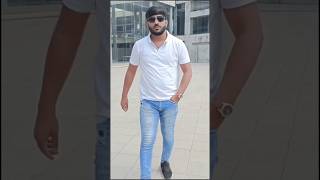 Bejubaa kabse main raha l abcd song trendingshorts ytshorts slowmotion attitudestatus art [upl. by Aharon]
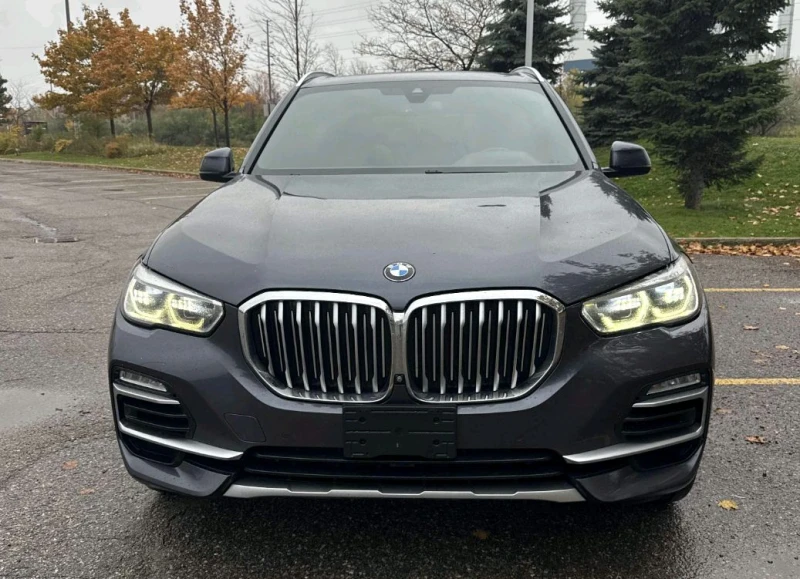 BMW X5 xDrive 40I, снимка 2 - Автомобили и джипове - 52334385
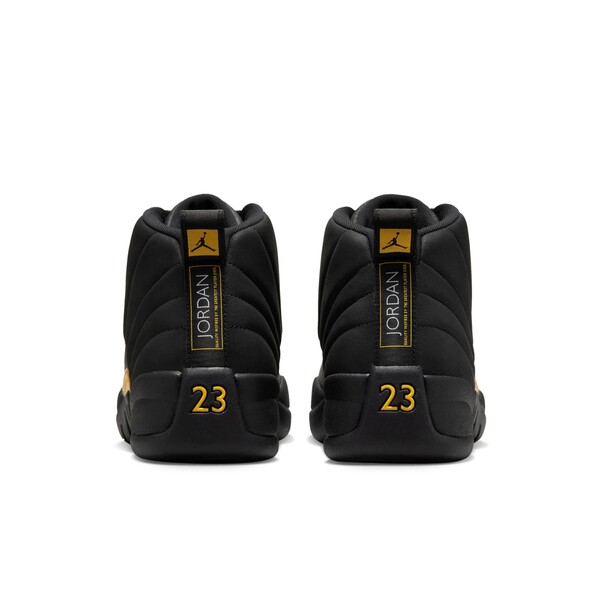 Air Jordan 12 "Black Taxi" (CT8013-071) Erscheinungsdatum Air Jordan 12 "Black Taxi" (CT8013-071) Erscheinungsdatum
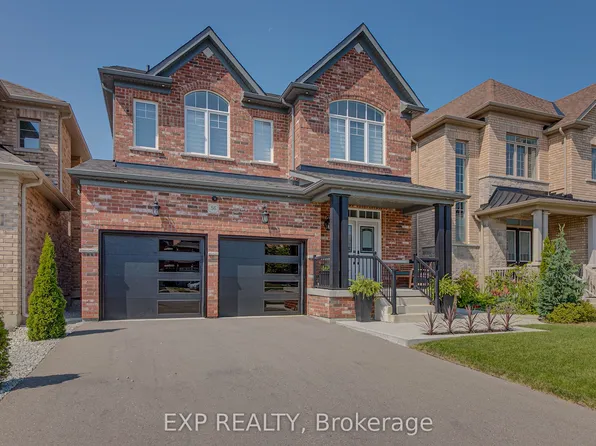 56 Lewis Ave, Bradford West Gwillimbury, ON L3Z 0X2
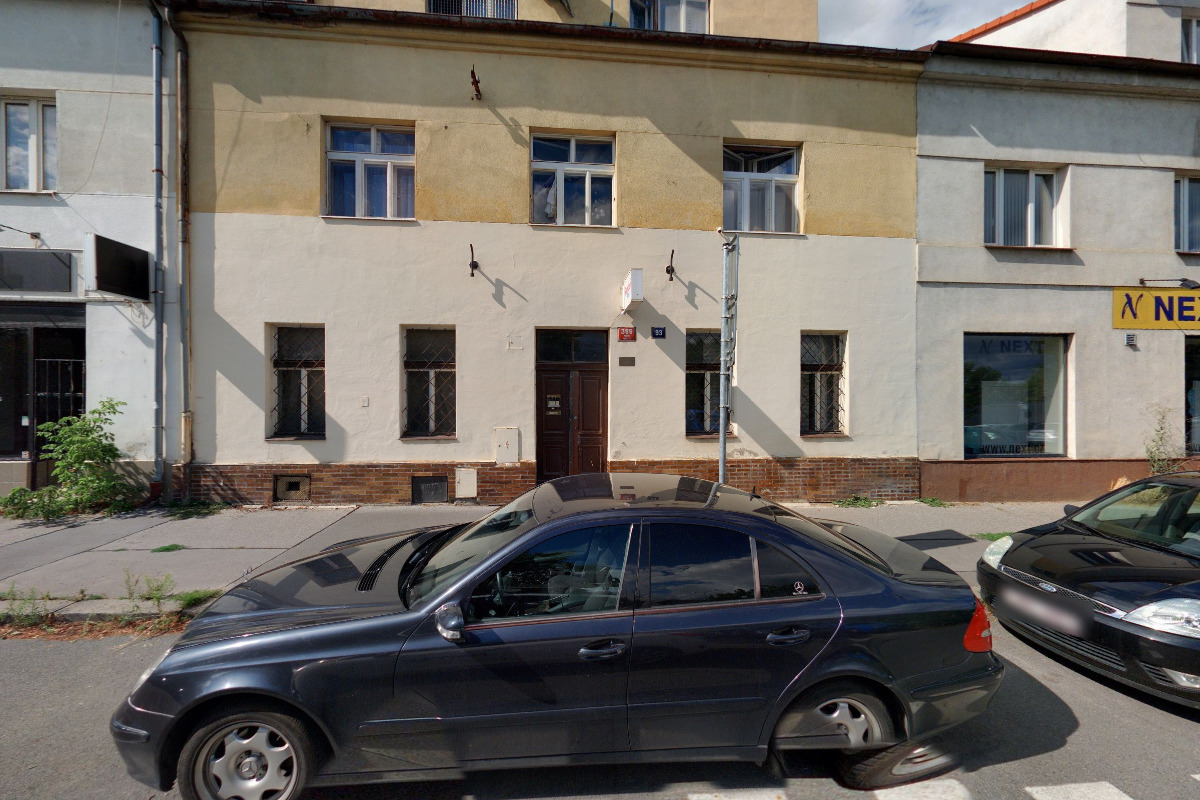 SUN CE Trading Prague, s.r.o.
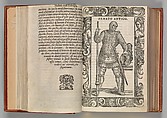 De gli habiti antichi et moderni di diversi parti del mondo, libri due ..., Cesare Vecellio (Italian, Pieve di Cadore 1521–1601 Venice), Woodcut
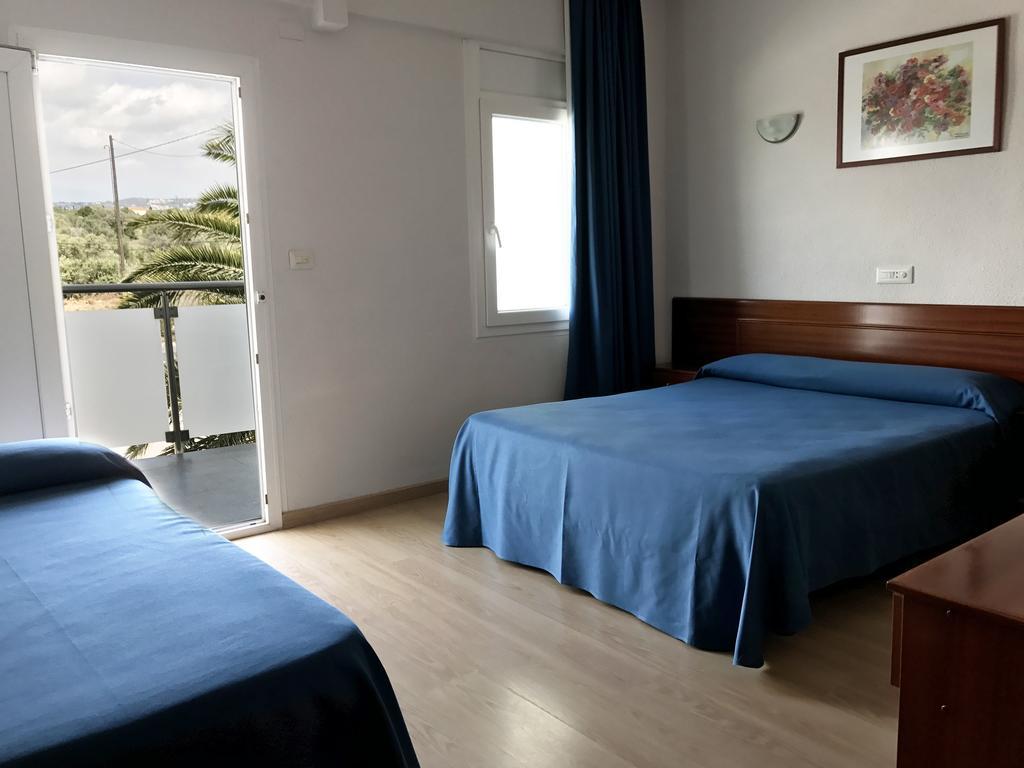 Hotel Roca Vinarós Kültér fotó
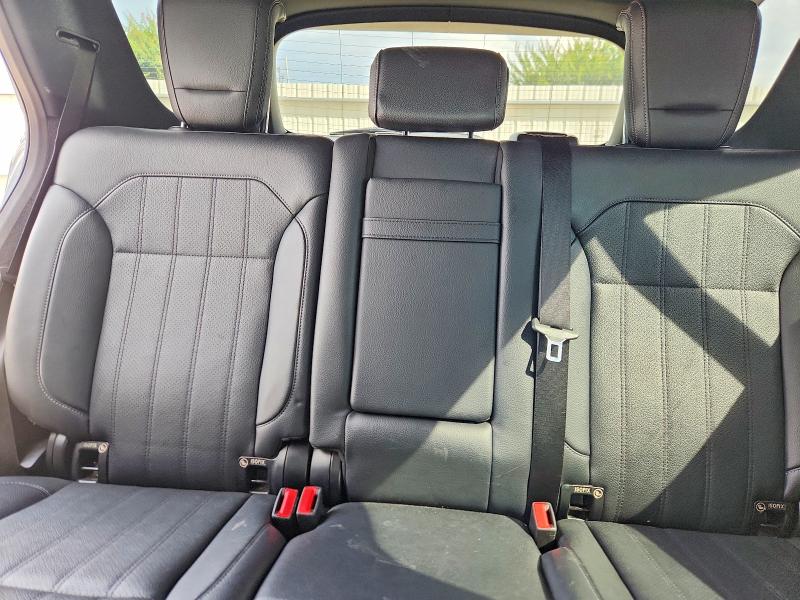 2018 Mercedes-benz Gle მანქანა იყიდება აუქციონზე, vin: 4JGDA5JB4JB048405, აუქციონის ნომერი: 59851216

#####

*Work required:* Retype, word for word, only the line holding "56 Lewis Ave, Bradford" and the lines after it through the final line of the listing above, and leave every picture out.

*Response below:*
 56 Lewis Ave, Bradford West Gwillimbury, ON L3Z 0X2
 SUN CE Trading Prague, s.r.o.
 De gli habiti antichi et moderni di diversi parti del mondo, libri due ..., Cesare Vecellio (Italian, Pieve di Cadore 1521–1601 Venice), Woodcut
 Hotel Roca Vinarós Kültér fotó
 2018 Mercedes-benz Gle მანქანა იყიდება აუქციონზე, vin: 4JGDA5JB4JB048405, აუქციონის ნომერი: 59851216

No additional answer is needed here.